Insights from round-tables with AI&Data practitioners
Enterprises are feeling the pull of generative AI and agents—but few are confidently riding the wave. In our latest round-table with data and AI practitioners, we heard a familiar refrain: excitement tempered by the real-world friction of implementation. The dream of autonomous AI agents reshaping business processes is alive—but for now, it’s mostly a vision waiting for its moment.
Here’s where things stand, and where they’re headed.
📈 The Generative AI Maturity Curve
From basic “chat with a PDF” prototypes to sophisticated AI-first products, enterprises are moving at widely different speeds. Some are still kicking the tires. Others are laying foundations for agent-led transformations.
But across the board, adoption of AI agents remains nascent. Interest is high, experimentation is happening—but true deployment is rare. There’s a gap between POC and production, often driven by the unresolved tension between AI’s probabilistic nature and the deterministic demands of compliance and trust. For the very few that are leading adoption, they are likely to have to build their own stack internally.

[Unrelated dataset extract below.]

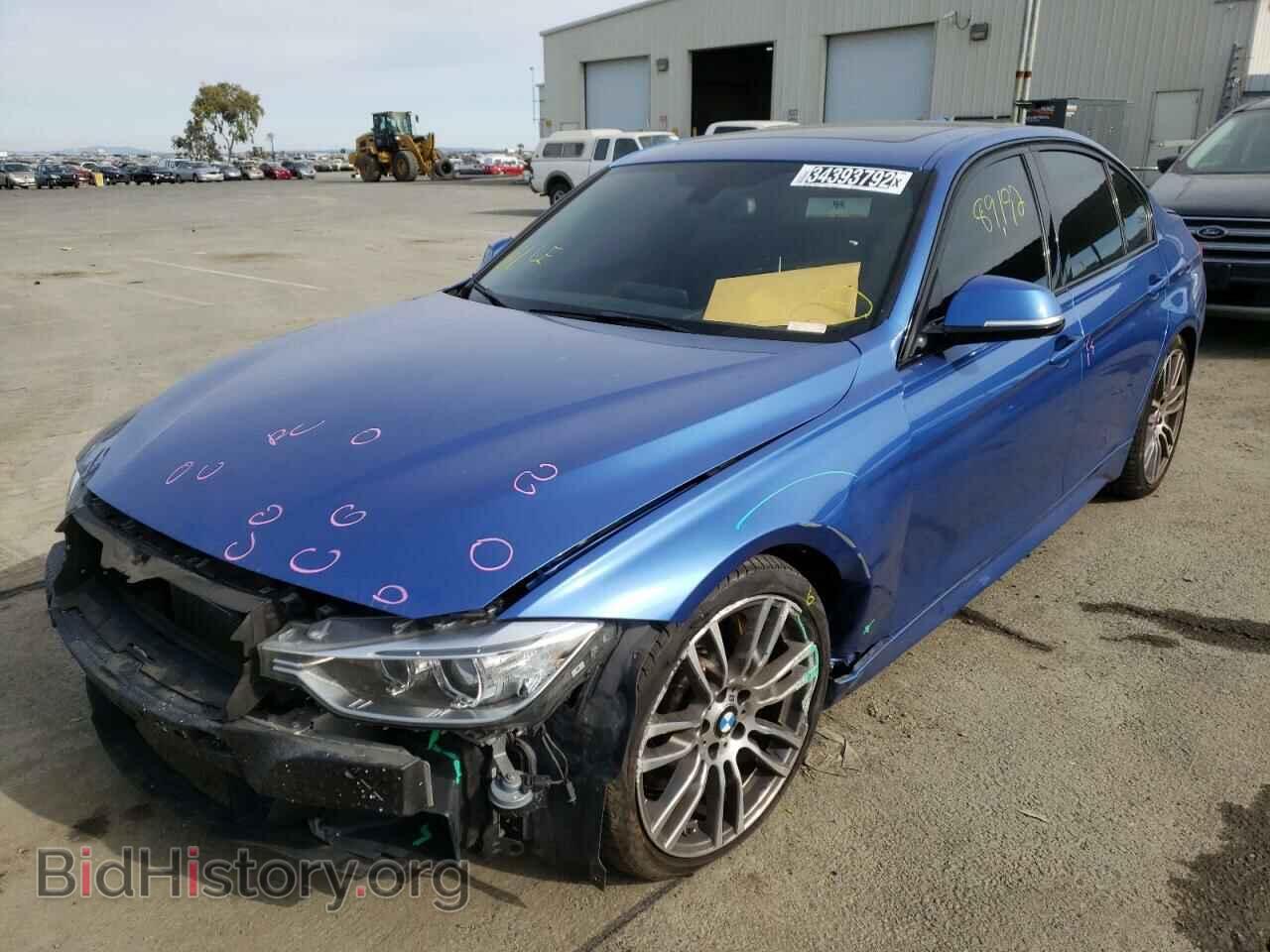 2013 BMW 3 SERIES - VIN: WBA3A9C55DF475178 - Фото 2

⚙️ A Patchwork of Tools, Shaped by Maturity
AI adoption today is anything but monolithic. Enterprises are stitching together a mix of low-code platforms, vertical solutions, open-source models and enterprise-grade software to match the task at hand. The choice of tools isn’t just about functionality —it’s a reflection of where a company is on its AI journey and how mission-critical the use case is.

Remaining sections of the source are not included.